Zuma, cuja base era formada pela população pobre, especialmente da zona rural, tinha uma relação tensa com os eleitores da classe média negra.

Ele os desprezava como “negros astutos”, que, segundo ele e seus aliados, deixaram de demonstrar gratidão pelas políticas de ação afirmativa e funcionalismo público adotadas pelo CNA que ajudaram a alimentar a mobilidade social negra.

Reagindo contra a corrupção que correu solta durante os anos de Zuma no poder, muitos eleitores negros da classe média começaram a dar as costas ao partido.

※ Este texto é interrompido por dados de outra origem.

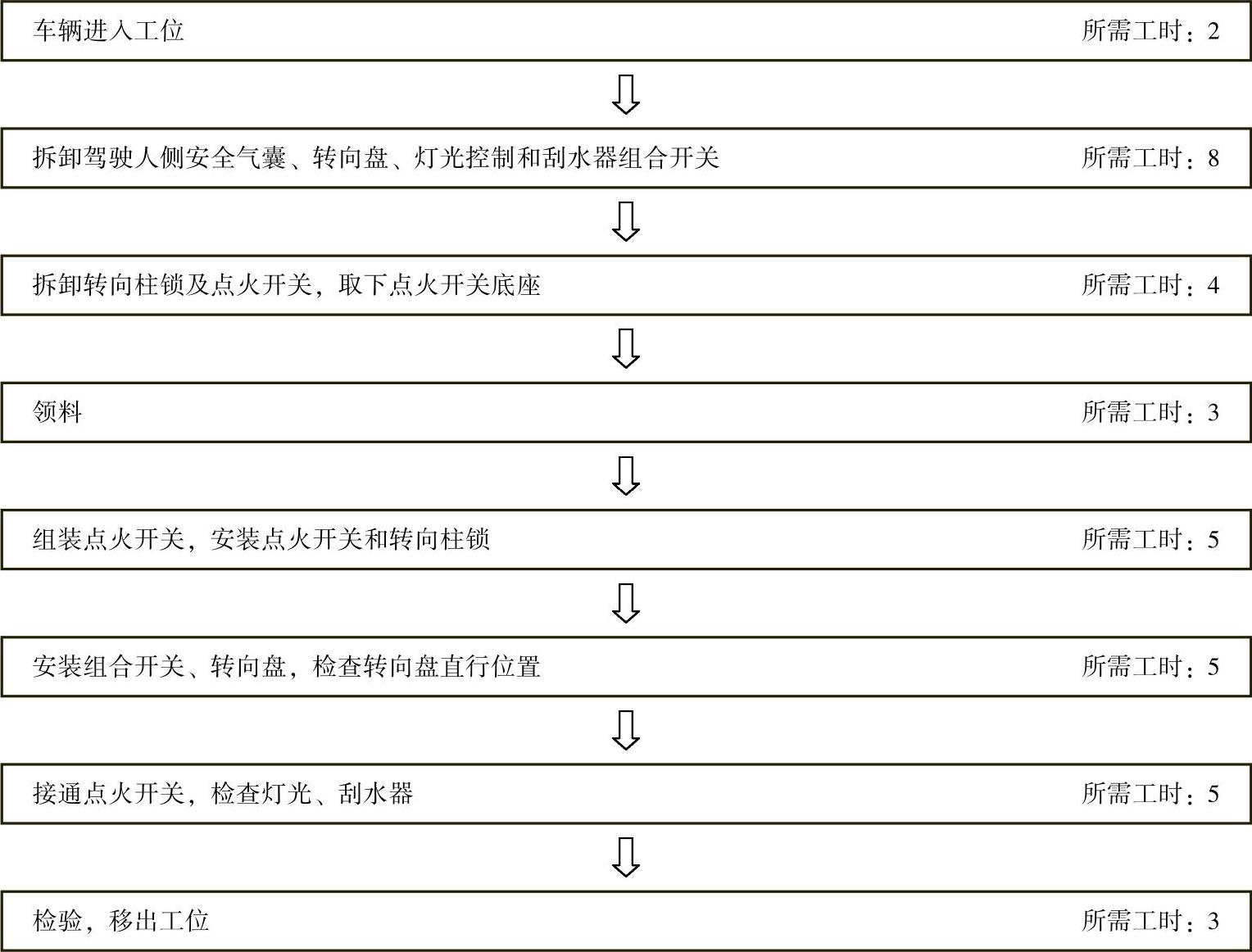 978-7-111-51368-1-Chapter03-30.jpg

Esse repúdio se evidenciou mais claramente nas eleições locais de 2016 em comunidades como Chantelle, uma área que sob o apartheid era totalmente branca, mas onde hoje 90% dos residentes são negros.

O CNA recebeu apenas 40% dos votos no distrito que abrange Chantelle, sendo que na eleição local anterior, em 2011, recebera 69%.

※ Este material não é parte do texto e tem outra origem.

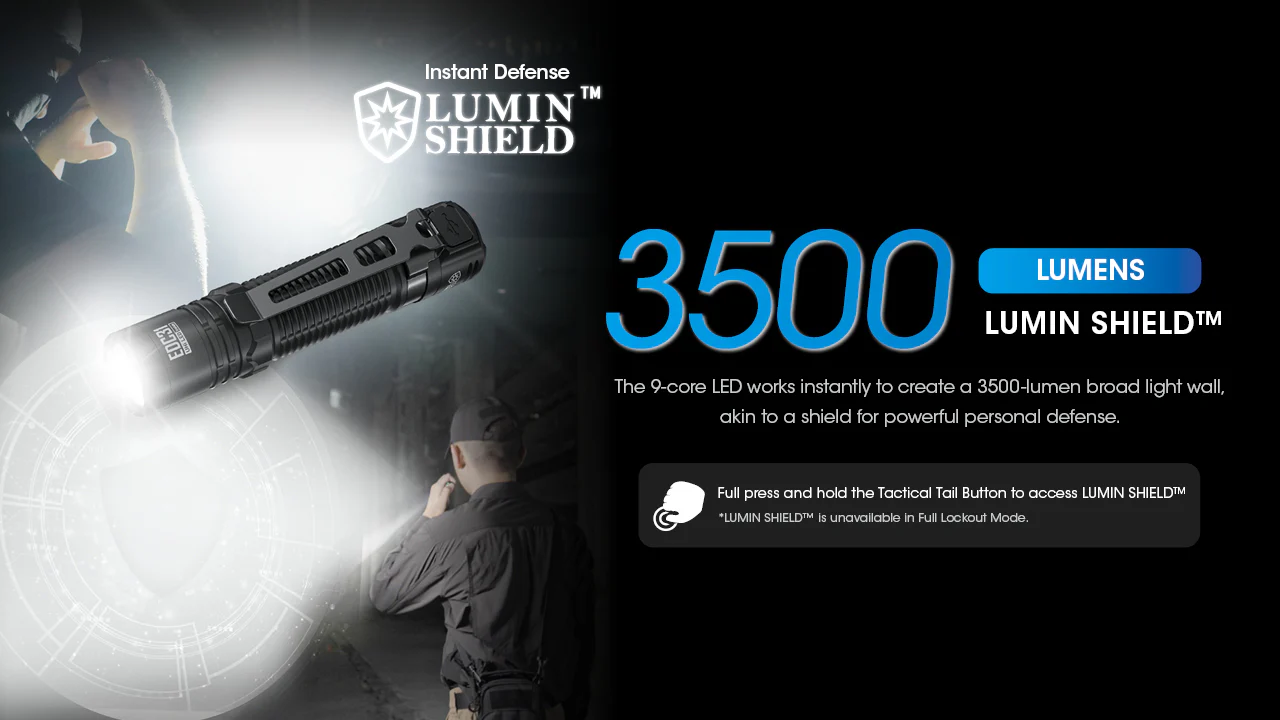 Nitecore EDC31 3500 Lumen USB-C Rechargeable EDC Flashlight - Image 3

Sybil Louw tem 66 anos e se aposentou recentemente depois de trabalhar 47 anos como enfermeira.

Desde 2014 ela parou de se registrar para votar. Seguidora vitalícia do CNA até aquele momento, ela se desiludiu com o que enxerga como sendo a cultura do partido de priorizar os ganhos pessoais para os filiados e seus aliados.

“São ladrões, eles roubam tudo”, disse Louw, sentada no alpendre de sua casa em Chantelle, de frente para um gramado grande e bem cuidado.

“É o dinheiro dos nossos impostos que eles roubam. Por isso não me registrei para votar. O que eu ganharia com isso?

Um número crescente de sul-africanos está fazendo o mesmo que ela e não se registrando para votar. É um fato notável em um país onde os cidadãos negros conquistaram o direito ao voto há pouco mais de uma geração e onde o nível de participação eleitoral geralmente é alto.

Em um país de 58 milhões de habitantes, 90% dos quais negros, a classe média negra é composta hoje de 5,6 milhões de pessoas, segundo o Instituto Unilever de Marketing Estratégico, ligado à Universidade da Cidade do Cabo. As estimativas de outros especialistas são mais baixas.

O interesse suscitado por Ramaphosa chegou ao auge nos meses depois de ele assumir a Presidência, quando ele fez questão de buscar o apoio da classe média, pedindo que ela “devolvesse seu amor” ao CNA.

Mas o entusiasmo esfriou na medida em que Ramaphosa não injetou novo ânimo na economia nem corrigiu os problemas das estatais, entre elas a Eskom, a empresa nacional de eletricidade que vem promovendo os piores blecautes programados em anos.

Além disso, muitos eleitores e comentaristas manifestaram decepção profunda pelo fato de que, não obstante a promessa de Ramaphosa de combater a corrupção, nem um único membro do CNA foi responsabilizado judicialmente.

Agora o próprio Ramaphosa está sendo investigado pelo Escritório de Proteção Pública, a agência governamental de combate à corrupção, por aceitar uma doação de campanha da Bosasa, empresa de logística acusada de ter sistematicamente pago propinas enormes a líderes do CNA em troca de contratos com o governo.